I No tav hanno peraltro dimostrato di saper tenere testa alla Polizia di frontiera e questo dovrebbe indurre un’ulteriore riflessione sull’opportunità o meno di concedere simili zone franche in cui lasciare che si sviluppino certi “talenti”. Forse questo rientra in una strategia più ampia che si fatica a scorgere, e che si può solo supporre vada nella direzione di una graduale e costante intensificazione della pressione sulla realtà sociale per portare caos e violenza nelle città. Questo spiegherebbe la funzione per ora marginale delle masse di immigrati che presto o tardi finiranno inevitabilmente per “imparare il mestiere” e magari per rimpiazzare i loro presunti capetti dei centri sociali, i quali probabilmente sconteranno sulla propria pelle la speranza di poter controllare i loro “fratelli migranti”.
Sarebbe questa la strada per sollecitare nel modo più spontaneo possibile una reazione popolare in risposta alle crescenti violenze di strada.
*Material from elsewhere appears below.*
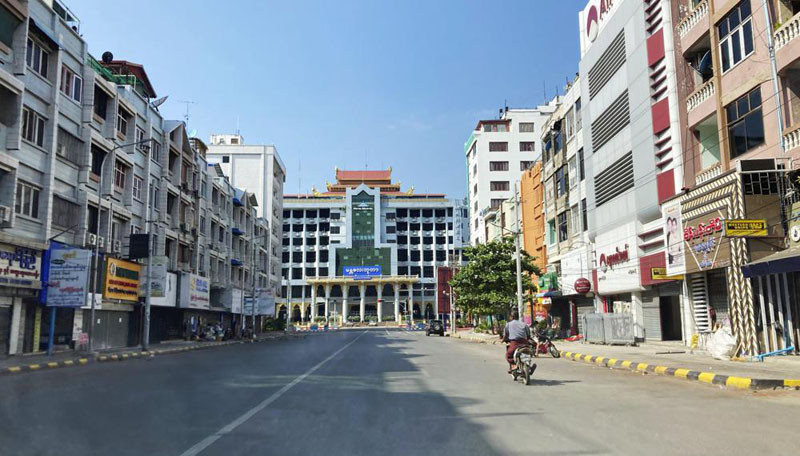 Nationwide 'silent strike' in Myanmar protests military rule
Non passa settimana che la cronaca non riporti di aggressioni brutali a Mestre o a Milano, ma se ai casi isolati si affiancassero le devastazioni e le intimidazioni di interi gruppi di immigrati accompagnati da militanti di sinistra, allora le cose potrebbero andare nella direzione di scontro aperto con gli autoctoni per il semplice controllo del territorio e la sopravvivenza.
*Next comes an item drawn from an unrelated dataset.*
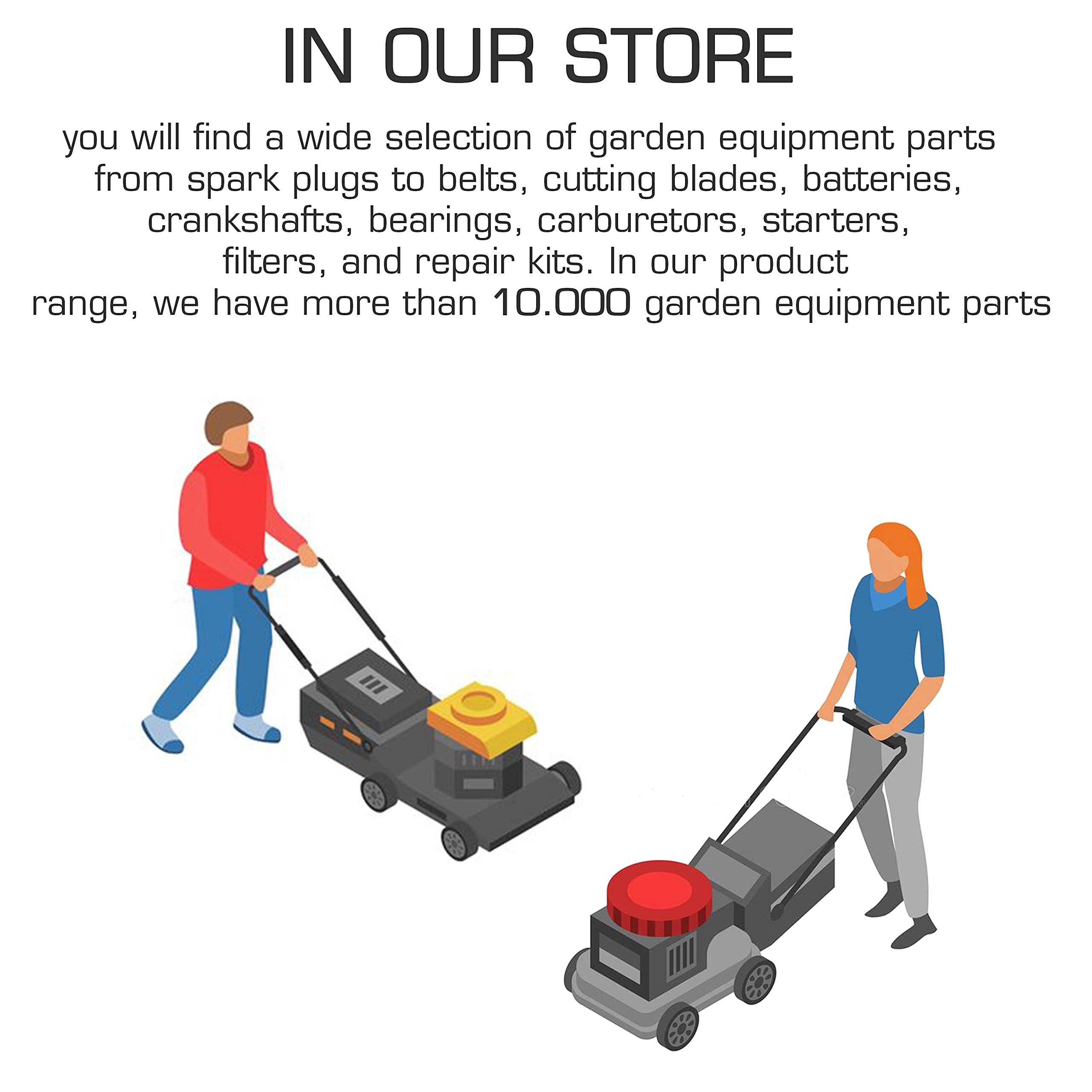 GR Parts Turntable Belt fits - PS-LX295 PS-LX250H PS-LX200H - Long-Lasting Rubber Belt - Replacement Turntable Drive Belt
Può darsi che si tratti solo di esagerazioni, ma quando un episodio si ripete con le stesse modalità e in intensità crescente nel tempo, ciò sta a indicare che vi è una dinamica in corso. Forse questa non sarà rigidamente controllata, forse si lascerà che le cose vadano da sé, ma sembra possibile se non probabile che la pressione contro l’identità dei popoli europei andrà crescendo, costringendo o a una reazione che, se non strategica e progettuale, non porterà a nulla di buono.
Le reazioni, specie se sull’onda dell’emotività, devono sempre essere evitate. Ciò che fin da ora si può fare è non limitarsi a opporsi allo stato di cose attuale, ma tentare di fornire un modello di vita alternativo, quanto più possibile autosufficiente e in grado di reggere a periodi di crisi e pericolo. I nuclei vivi in cui si assicura la cultura di un popolo sono il clan, la famiglia e la comunità. Sono strutture su cui è possibile lavorare, sviluppandole non come scialuppe d’emergenza, ma concependole come nuclei vivi operanti nel mondo, in grado di diffondere un esempio di bellezza, coraggio, operosità ed equilibrio.
Considerato quanto in profondità le istituzioni siano impregnate della stessa visione del mondo operante attraverso gli atti di estremismo sopra discussi, appare sempre più difficile pensare a una risposta costruttiva da parte dell’attuale classe gestionale. È forse ormai una pia utopia credere che esistano organi istituzionali sani, dato che spesso si tratta di singoli individui i cui tentativi di arginare fenomeni disgregativi vengono ben presto soffocati e supervisionati dalla forza del numero. Pertanto il punto di partenza, l’ancoraggio sicuro, è la comunità resiliente, quella cioè che può considerarsi autosufficiente sotto ogni punto di vista.